From Wikibooks, open books for an open world
Jump to: navigation, search

← SELECT: Predefined Functions | SELECT: Case Expression →

Tables, views and results of SELECT commands are in somewhat similar to sets of set theory. In this comparision the elements of sets correspond to rows of tables, views and SELECT results. The differences between set theory and the itemized SQL constructs are:

  • Sets of set theory do not allow duplicates whereas SQL allows duplicates. (Even different rows of one table may be identical as there is no duty to use the concept of primary keys.) In the following we use the term multiset when we speak about sets in SQL where duplicates are possible.
  • Sets of set theory and multisets are not ordered. But for the result of a SELECT command we can enforce an ordering by means of the optional ORDER BY clause.

The comparision between set theory and SQL goes even further. In SQL we have operations which acts on multisets in the sense of set theory: The SQL operations UNION, INTERSECT and EXCEPT (some name it MINUS) process intermediate multisets generated by differents SELECT commands. The operations expect the multisets are of the same type. This means mainly that they must have the same number of columns. Also their data type should correlate, but this is not mandatory. If they do not, the DBMS will cast them to a common data type - if possible.

UNION[edit]

The UNION operation pushs the result of several SELECT commands together. The result of the UNION contains those values, which are in the first or in the second intermediate result.

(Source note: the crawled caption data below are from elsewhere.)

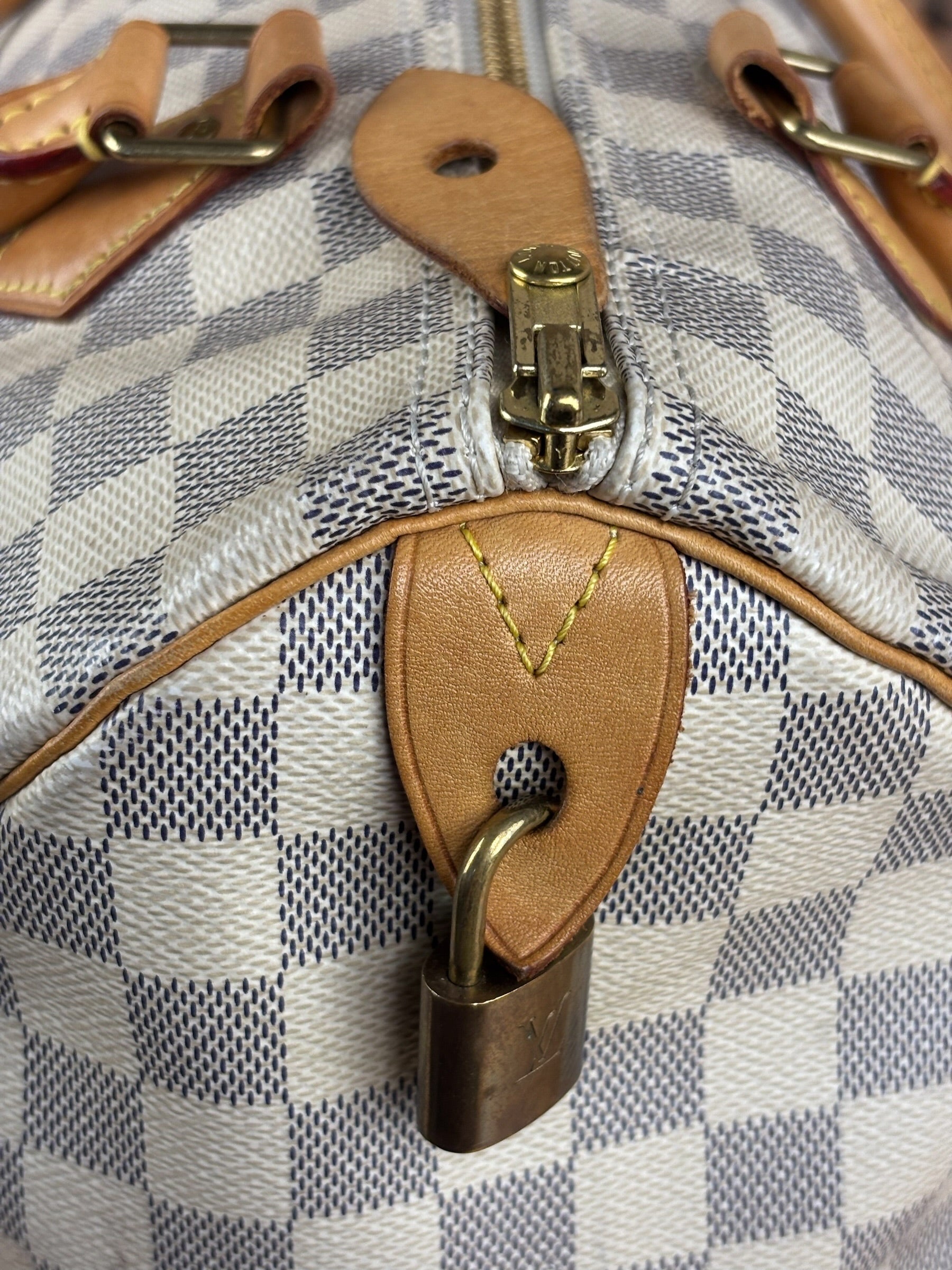 Louis Vuitton Damier Azur Speedy 30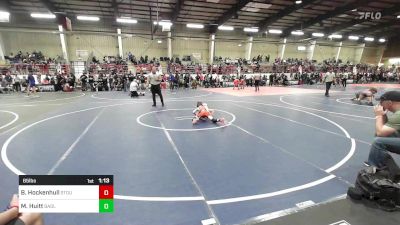 65 lbs Semifinal - Blade Hockenhull, Stout Wr Ac vs Mason Huitt, Badlands Elite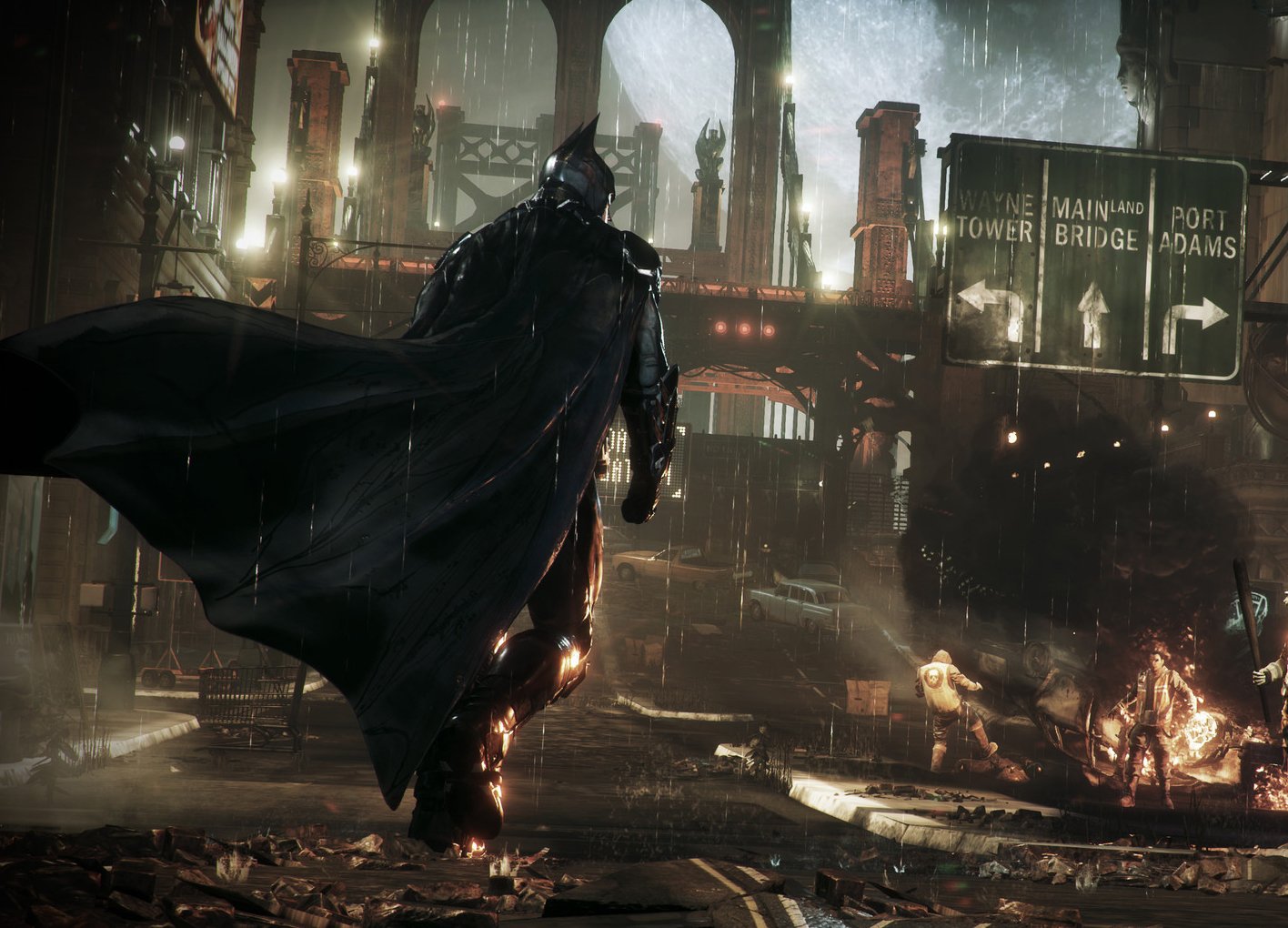 Arkham Knight на PC: лок в 30 FPS, проблемы на AMD и Nvidia - изображение обложка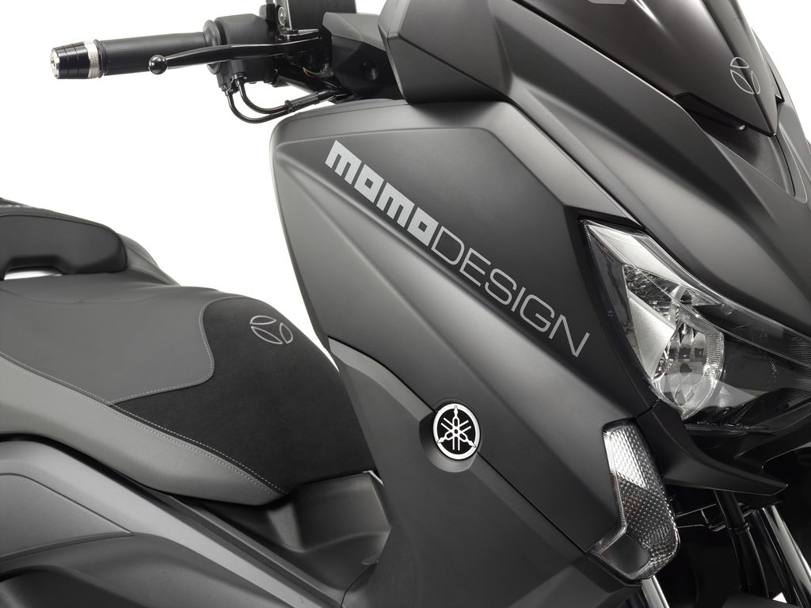 Yamaha, l’XMax 400 corre con Momodesign La Gazzetta dello Sport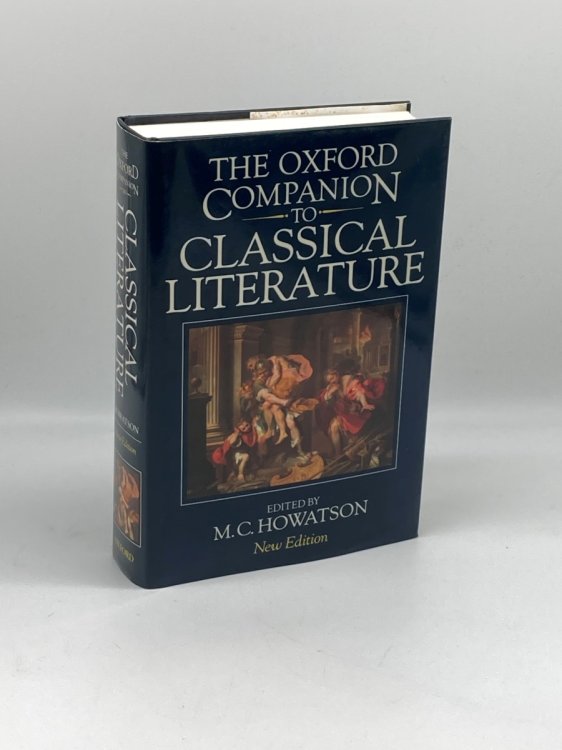 Image for The Oxford Companion to Classical Literature Second Edition The Oxford Companion to Classical Literature Second Edition
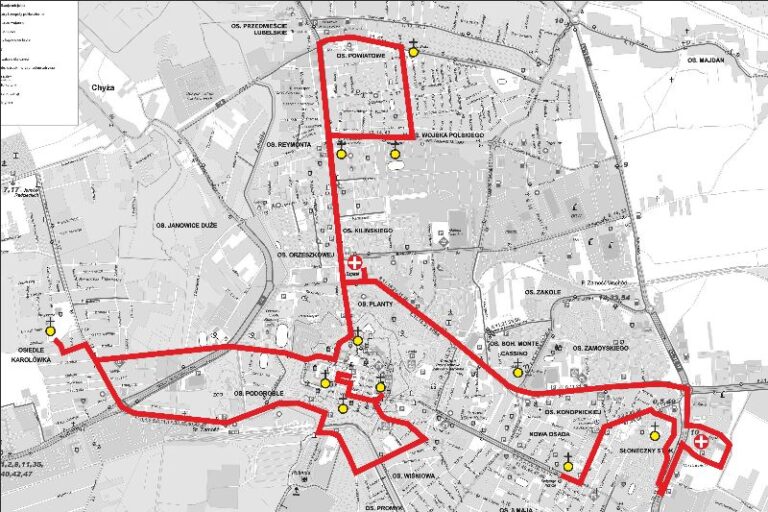 Orszak Trzech Króli w Zamościu. Sprawdź trasę i utrudnienia [MAPKA]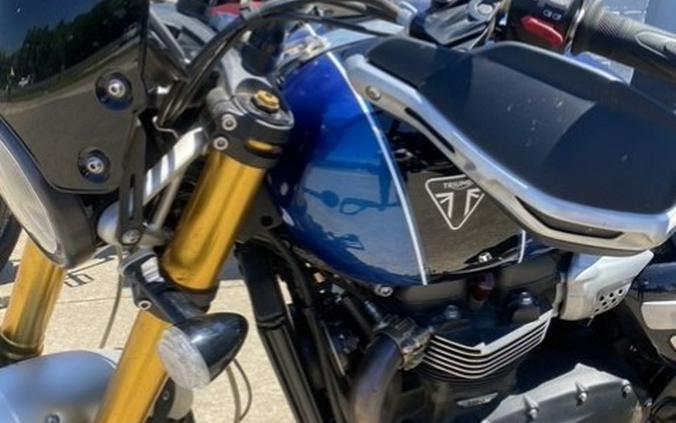 2022 Triumph Scrambler 1200 XE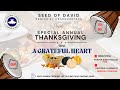 THANKSGIVING SERVICE
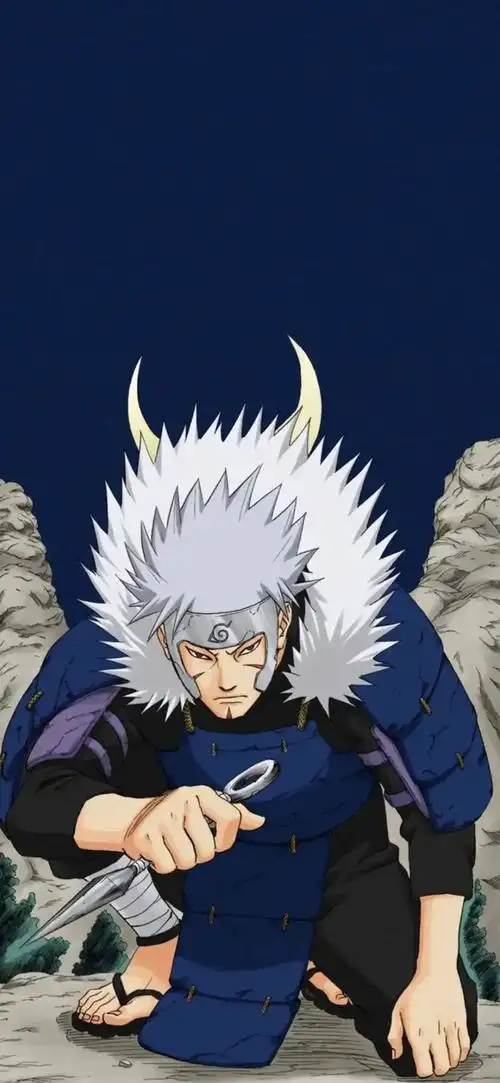 火影忍者二代火影千手扉间帅气冷酷壁纸18张_腾讯新闻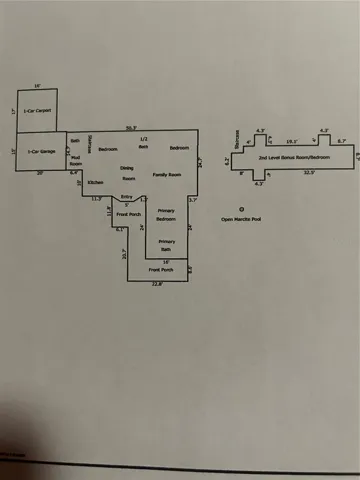 Main House Layout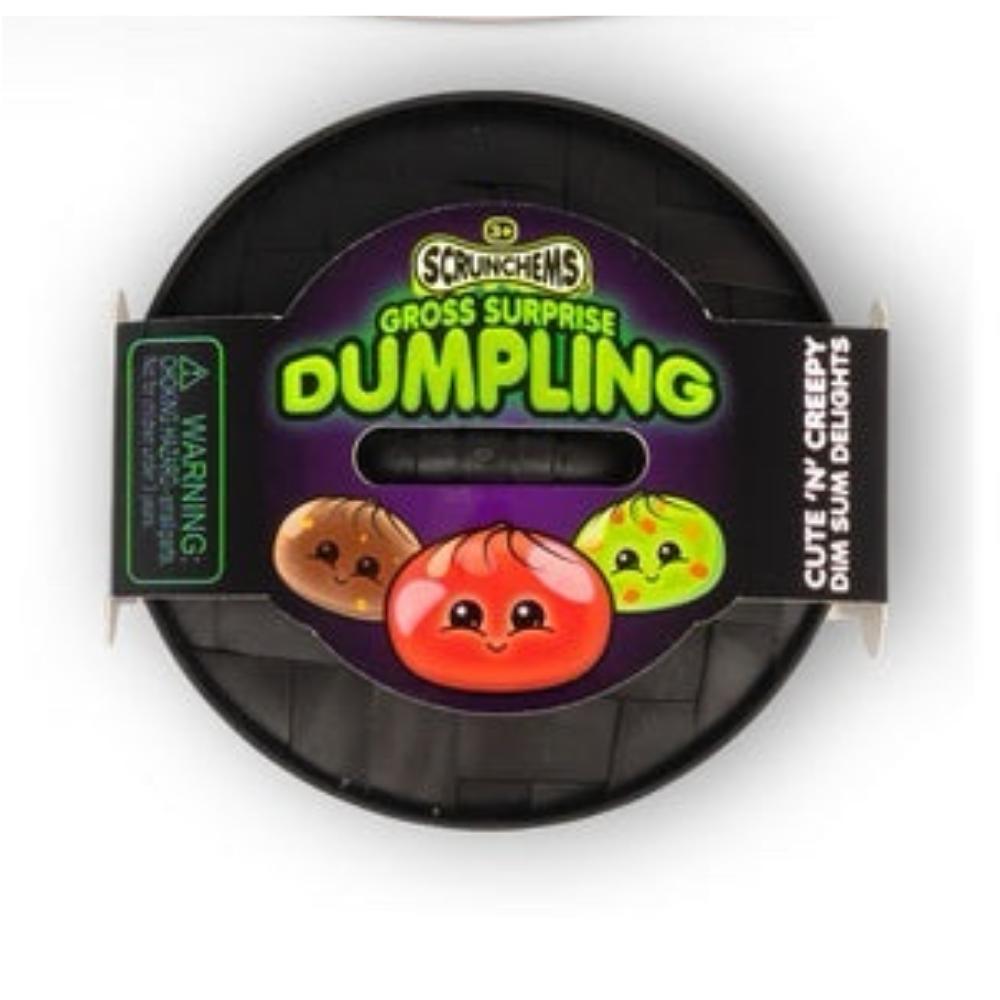 Scrunchems Dumplings, Gross and Rainbow 9 pack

-- Please consider that this is only one command (only ONE semicolon at the very end)
SELECT firstname  -- first SELECT command
FROM   person
  UNION           -- push both intermediate results together to one result
SELECT lastname   -- second SELECT command
FROM   person;
The UNION of two intermediate results

This is a single SQL command. It consists of two SELECTs and one UNION operation. The SELECTs are evaluated first. Afterwards their results are pushed together to one single result. In our example the result contains all lastnames and firstnames in a single column (our example may be of limited help in praxis, it's only a demonstration for the UNION).

DISTINCT / ALL
If we examine the result closely, we will notice that it consists only of 17 values. The table person contains ten rows so that we probably expect twenty values in the result. If we perform the 'SELECT firstname ...' and 'SELECT lastname ...' as separate commands without the UNION, we receive for both commands 10 values. The explanation for the 3 missing values is the UNION command. It behaves by default that it removes duplicates. Therefore some of the intermediate values are skipped. If we want to obtain this duplicate values we have to extent the UNION. It can be widen with one of the two key words DISTINCT or ALL. DISTINCT is the default and its behaviour is the removal of duplicate values which we have seen before. ALL leads to the retention of all values, independent whether they appeared before or not.

-- remove (that's the default) or keep duplicates
SELECT ...
  UNION [DISTINCT | ALL]
SELECT ...
[ -- it is possible to 'UNION' more than 2 intermediate results
  UNION [DISTINCT | ALL]
SELECT ...
];

A hint for Oracle users: The use of the key word DISTINCT, which is the default, is not accepted by Oracle. Omit it.

General hint
In most cases the UNION combines SELECT commands on different tables or on different columns of the same table. SELECT commands on the same column of a single table usually use the WHERE clause in combination with boolean logic.

-- A very unusual example. People apply such querys on the same table only in combination with very complex WHERE conditions.
-- This example would normally expressed with a phrasing similar to: WHERE lastname IN ('de Winter', 'Goldstein');
SELECT *
FROM   person
WHERE  lastname = 'de Winter'
  UNION ALL
SELECT *
FROM   person
WHERE  lastname = 'Goldstein';

INTERSECT[edit]

INTERSECT

The INTERSECT operation evaluates to those values, which are in both intermediate results, in the first as well as in the second.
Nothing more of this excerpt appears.